Emaily 0.7 was announced last week, and it turned out that there are some cases where it still does not behave the way like it should. Today I'm happy to announce the fruits of some hard fixing and planning work, Emaily 0.7.1. The changes are the following:

Incoming emails are not distributed

In earlier versions, when a wave received a reply from an email user, and it has more than one email users and the incoming email did not have all email recipients listed in Cc: or the To: fields, then Emaily decided to deliver the email to the missing recipients. This was intended to be a feature, but it is very annoying in some cases, so we decided to disable the incoming email-distribution entirely.
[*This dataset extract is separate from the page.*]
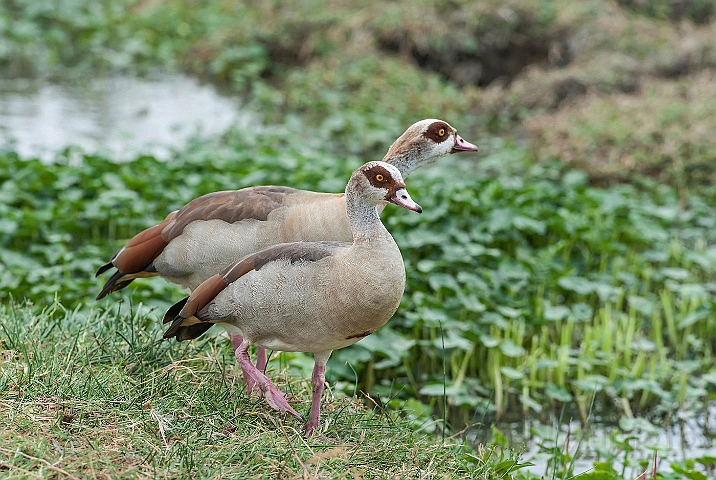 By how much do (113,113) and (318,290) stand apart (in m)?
7.84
If a reply comes to a wave from email, it is not sent to any other email recipient (unless it is edited by a wave participant, in that case, it behaves like a new and edited blip).
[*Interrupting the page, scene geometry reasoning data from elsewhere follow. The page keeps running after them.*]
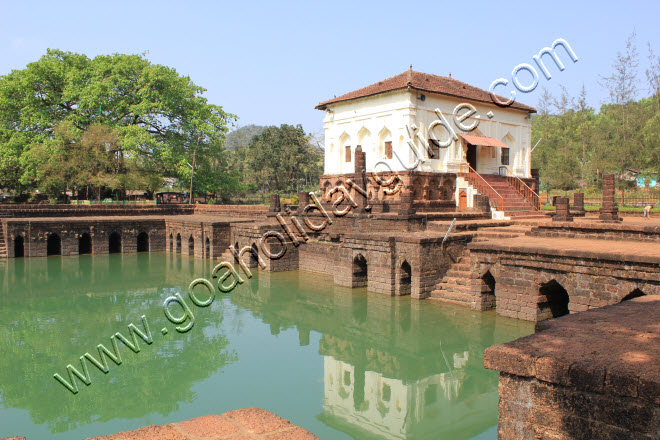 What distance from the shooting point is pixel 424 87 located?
21.6 meters

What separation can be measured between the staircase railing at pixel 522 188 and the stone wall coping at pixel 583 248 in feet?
37.8

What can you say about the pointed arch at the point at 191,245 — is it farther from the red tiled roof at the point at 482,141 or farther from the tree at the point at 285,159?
the tree at the point at 285,159

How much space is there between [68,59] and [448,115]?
2327 cm

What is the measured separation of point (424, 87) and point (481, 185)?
480cm

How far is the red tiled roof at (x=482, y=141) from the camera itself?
23048 mm

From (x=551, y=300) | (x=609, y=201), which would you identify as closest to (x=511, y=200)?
(x=609, y=201)

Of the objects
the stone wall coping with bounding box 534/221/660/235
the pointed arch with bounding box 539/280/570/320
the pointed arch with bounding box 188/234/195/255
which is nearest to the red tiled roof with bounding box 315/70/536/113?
the pointed arch with bounding box 188/234/195/255

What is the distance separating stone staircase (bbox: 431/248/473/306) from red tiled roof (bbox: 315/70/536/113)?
993 cm

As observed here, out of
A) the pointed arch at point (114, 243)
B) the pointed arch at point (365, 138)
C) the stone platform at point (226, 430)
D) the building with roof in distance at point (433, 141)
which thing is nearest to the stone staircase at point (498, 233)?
the building with roof in distance at point (433, 141)


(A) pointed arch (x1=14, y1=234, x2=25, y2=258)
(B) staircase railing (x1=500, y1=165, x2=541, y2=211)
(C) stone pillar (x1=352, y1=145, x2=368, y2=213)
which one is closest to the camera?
(C) stone pillar (x1=352, y1=145, x2=368, y2=213)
This is not a problem if the communication is between one wave user and one email user, and less disturbing in some cases when there are more email users, especially when one participant is a mailing list.

Emails are sent out to every participant at once

Previously we sent out emails to each recipient separately, so that email participants did not see the participants of the conversation. The spirit of the wave is that every participant is visible for the others, so now we've changed this behavior. Every outgoing email now has all email and wave participants in their To: field.

An advantage of this is that combined with the previous feature is that if email participants use the "reply all" feature of their email client, then everyone will get every part of the conversation in a multi-participant conversation without the need of control from Emaily.

Manual send is disabled

Manual send will require some rework, and is more confusing than helpful, so we removed it temporarily. Now every message you finish in a wave will get delivered automatically after about 30 seconds.

Redirecting emails, mailing lists

With these changes, it is now safe to redirect your emails to wave: you don't need to worry that your nice wave robot sends out emails when you did not want to.

You can even subscribe to a mailing list with your emaily email address. If some other Emaily user is a member of the same mailing list, then you'll have a common wave created from the emails coming from the mailing list, so you can even discuss things faster (realtime), than members of the mailing list.

Enjoy the newest version of Emaily!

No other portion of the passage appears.